## What is needed
The answer must consist solely of the lines from the line with "Foto - Microsoft, ABD" to the final line of the data below, reproduced exactly, pictures omitted.

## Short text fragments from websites
^^^^^^^^

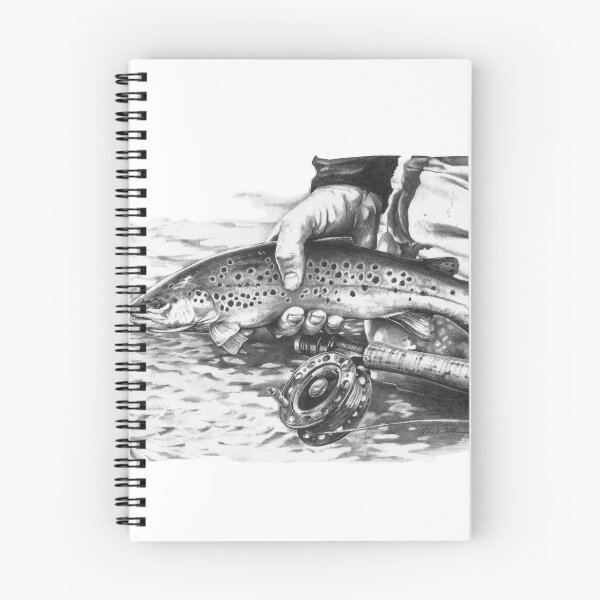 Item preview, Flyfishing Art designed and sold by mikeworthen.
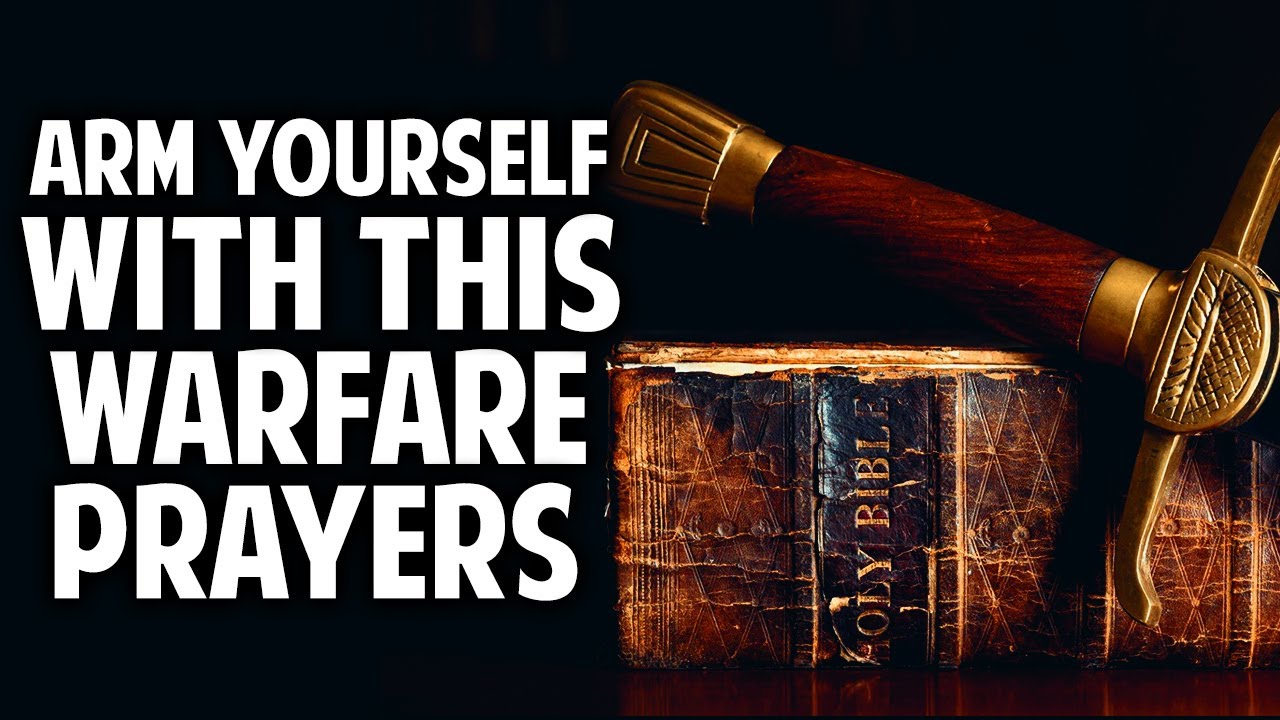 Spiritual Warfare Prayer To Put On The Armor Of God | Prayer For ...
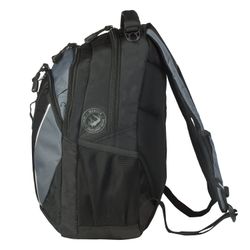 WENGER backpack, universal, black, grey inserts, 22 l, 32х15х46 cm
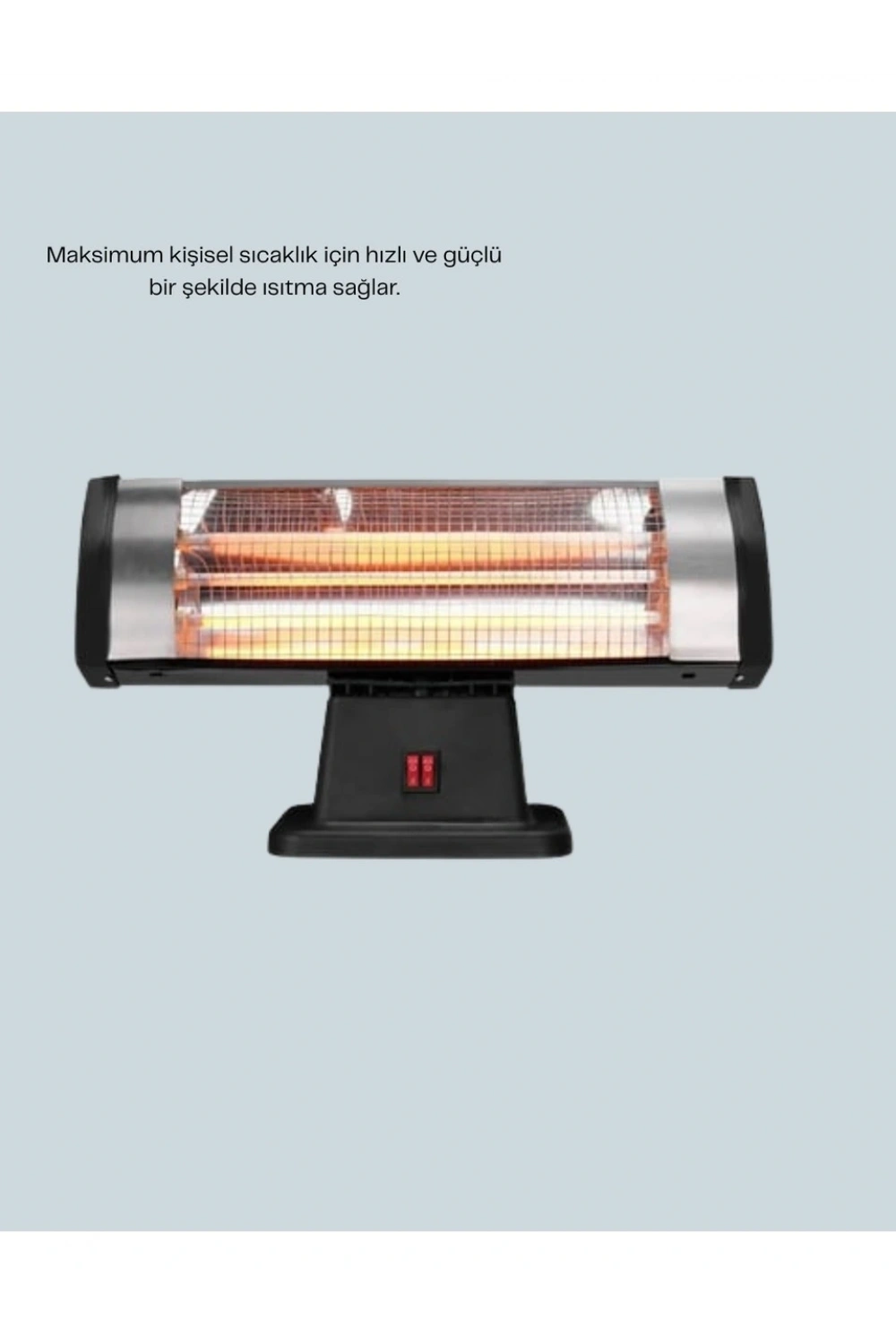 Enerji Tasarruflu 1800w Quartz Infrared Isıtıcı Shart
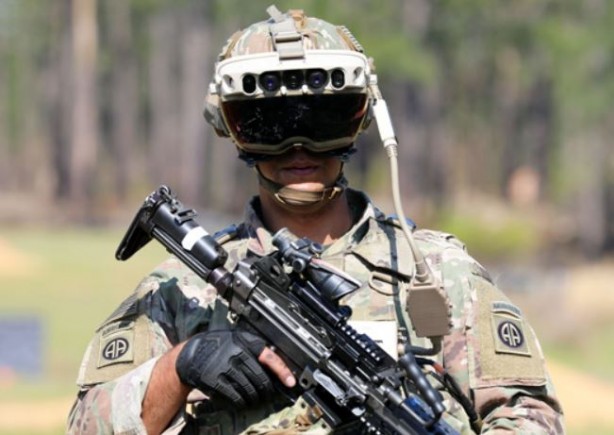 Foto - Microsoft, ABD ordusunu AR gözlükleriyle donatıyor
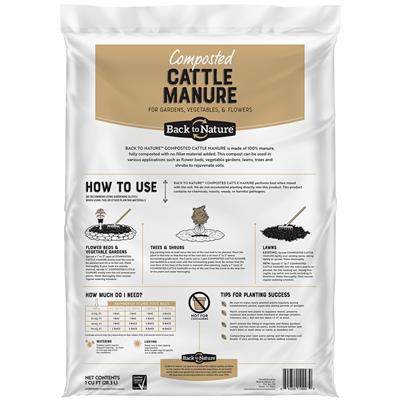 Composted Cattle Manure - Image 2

^^^^^^^^

## Response area
 Foto - Microsoft, ABD ordusunu AR gözlükleriyle donatıyor
 Composted Cattle Manure - Image 2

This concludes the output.